Além da rota terrestre contra a hegemonia russa, foi completada com uma rota marítima: aumentar a capacidade de importação por navio estimulando a construção de novas usinas de regaseificação.

Toda essa implantação foi ordenada através das listas de Projetos de Interesse Comum -PIC, categoria que oferecia aos projetos uma contribuição substancial de dinheiro e garantias públicas por meio de bancos públicos como o Banco Europeu de Investimento e o Banco Europeu de Reconstrução.

Alemanha fica livre

Em meio a todo esse esforço aparente, em abril de 2017, Gazprom , ENGIE, OMV, Royal Dutch Shell , Uniper e Wintershall assinaram um acordo para a construção do Nord Stream 2 , um mega gasoduto que ligaria Ust-Luga no Região russa de Leningrado com a cidade alemã de Greifswald. Para se ter uma ideia do seu tamanho: entre os dois Nord Streams poderiam fornecer gás a três Espanha.

O Nord Stream 2 suscitou duras críticas, especialmente dos Estados Unidos, Reino Unido e UE. Angela Merkel justificou: vamos conseguir o gás mais barato. Ele esqueceu de dizer: para nós. A Energiewende , a transição energética alemã, precisava garantir o fechamento de carvão e nuclear com um fornecimento de gás suficientemente barato.

As críticas ao Nord Stream 2 continuaram no mesmo ritmo de sua construção. Este projeto também foi uma ferramenta para Putin: permitiu-lhe reduzir as exportações através da Ucrânia e minimizar os 2.000 milhões de euros por ano com os quais ele relutantemente alimentava o governo da Ucrânia Maidanista.

Que monstro, então?

Bem, há mais de um. O primeiro monstro é a dupla dependência : depois de uma década de retórica de segurança, união, diversificação e dinheiro público suado, continuamos com uma grande dependência de combustíveis fósseis e do exterior . E a Rússia ainda comanda mais de 40% das importações de gás da UE , uma renda segura para o Kremlin.

A segunda é a junta soldada entre a Alemanha e a Rússia, o Nord Stream 2. Agora eles querem que acreditemos que parar seu start-up é uma medida de pressão. Mas que pressão? Não seria, antes, a representação material do fracasso da política europeia de segurança energética nos termos propostos?

O terceiro é o imperialismo . O russo, é claro, com Putin na liderança.
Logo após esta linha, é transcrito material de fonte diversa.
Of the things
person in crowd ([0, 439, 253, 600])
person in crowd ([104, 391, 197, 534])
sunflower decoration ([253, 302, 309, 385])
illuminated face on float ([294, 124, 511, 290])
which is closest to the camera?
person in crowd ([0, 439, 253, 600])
Agora, não se esqueça do presidente americano, Joe Biden, que no conflito atual pode acertar o ninho de vespas quando há um oceano no meio e menos dependências do que a UE.

Haveria um quarto e último monstro que não teve muita presença no texto: o mercado . Veremos que efeito terão as sanções econômicas exemplares à Rússia. Para já, a volatilidade dos preços da electricidade, dos hidrocarbonetos e de muitas matérias-primas está a aumentar e acabará por ser transmitida ao público.

E com tantos monstros no final, são as pessoas comuns, daqui, da Argélia, do Azerbaijão e agora, principalmente da Ucrânia, que acabam sendo as maiores vítimas.